SLE is autoimmune disorder that affects multiple organs. It is characterized by production of autoantibodies and immune complex deposition in various organs, leading to inflammation and tissue destruction [13]. Its etiology is unknown; however, genetic, environmental, and immunological factors are proposed to contribute to breaking tolerance, resulting in the production of a variety of antibodies directed to self-components [3].

Pathophysiological mechanisms involved in breaking tolerance against self-components are not fully understood [4]; however, disturbance in the clearance of apoptotic cells has been reported, and it has been suggested that apoptotic cells can serve as a source of autoantigens [5],[6].

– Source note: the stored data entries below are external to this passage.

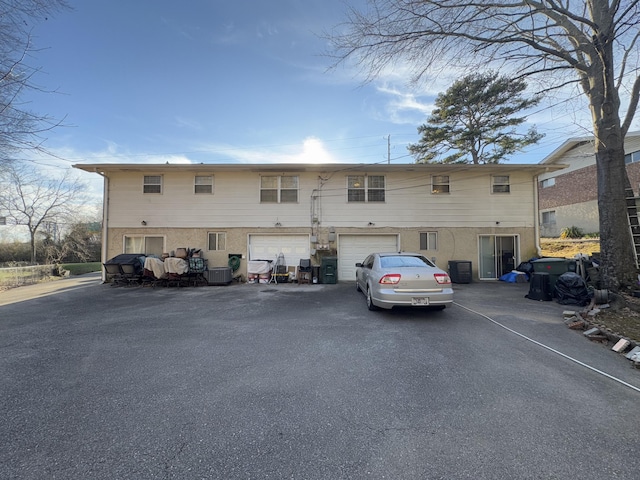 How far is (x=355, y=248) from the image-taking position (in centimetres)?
1154

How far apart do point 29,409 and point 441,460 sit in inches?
142

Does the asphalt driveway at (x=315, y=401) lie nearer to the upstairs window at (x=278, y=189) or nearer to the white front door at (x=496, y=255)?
the white front door at (x=496, y=255)

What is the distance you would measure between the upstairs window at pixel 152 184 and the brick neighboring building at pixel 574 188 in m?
21.6

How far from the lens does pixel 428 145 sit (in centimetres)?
1927

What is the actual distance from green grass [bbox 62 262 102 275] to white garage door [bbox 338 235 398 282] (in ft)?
62.9

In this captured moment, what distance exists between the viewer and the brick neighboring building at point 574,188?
51.4 ft

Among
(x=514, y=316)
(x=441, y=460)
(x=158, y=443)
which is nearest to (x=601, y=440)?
(x=441, y=460)

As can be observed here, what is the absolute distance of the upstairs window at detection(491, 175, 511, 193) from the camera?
11.7 meters

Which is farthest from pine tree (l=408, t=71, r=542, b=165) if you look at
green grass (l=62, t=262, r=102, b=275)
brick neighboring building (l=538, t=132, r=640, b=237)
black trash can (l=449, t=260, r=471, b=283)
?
green grass (l=62, t=262, r=102, b=275)

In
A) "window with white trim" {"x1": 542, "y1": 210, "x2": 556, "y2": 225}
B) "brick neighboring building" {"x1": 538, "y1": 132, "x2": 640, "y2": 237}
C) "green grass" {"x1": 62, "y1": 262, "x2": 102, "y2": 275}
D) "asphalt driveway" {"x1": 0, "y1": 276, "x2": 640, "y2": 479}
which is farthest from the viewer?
"window with white trim" {"x1": 542, "y1": 210, "x2": 556, "y2": 225}

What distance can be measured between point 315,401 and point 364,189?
9905 millimetres

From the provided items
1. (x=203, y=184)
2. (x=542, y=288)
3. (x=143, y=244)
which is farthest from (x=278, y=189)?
(x=542, y=288)

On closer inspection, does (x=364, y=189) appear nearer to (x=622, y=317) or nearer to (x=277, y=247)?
(x=277, y=247)

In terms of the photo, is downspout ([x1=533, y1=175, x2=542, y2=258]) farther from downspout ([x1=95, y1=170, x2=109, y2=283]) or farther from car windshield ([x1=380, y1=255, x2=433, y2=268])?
downspout ([x1=95, y1=170, x2=109, y2=283])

Galectin-3, a member of the galectin superfamily of beta-galactoside-binding lectins, mediates some of cellular functions including migration, adhesion, proliferation, and apoptosis [14],[15]. Galectin-3 has a CRD in the C-terminal region and structurally promotes pentamerization through its N-terminal domain, forming an extracellular lattice of galectin-3 and cross-linked glycans at the cell surface [16]. The resultant multivalent interactions establish extracellular microenvironments, regulating glycoprotein distribution and diffusion across the cell surface [17].

The aim of this work was to estimate plasma level of G3BP in patients with SLE to assess its possible role in the pathogenesis of the disease and its correlation to disease activity.

The current study was carried out on 25 patients with SLE and 25 healthy controls. Determination of plasma levels of G3BP was done in both patients and control by a quantitative enzyme-linked immunosorbent assay technique.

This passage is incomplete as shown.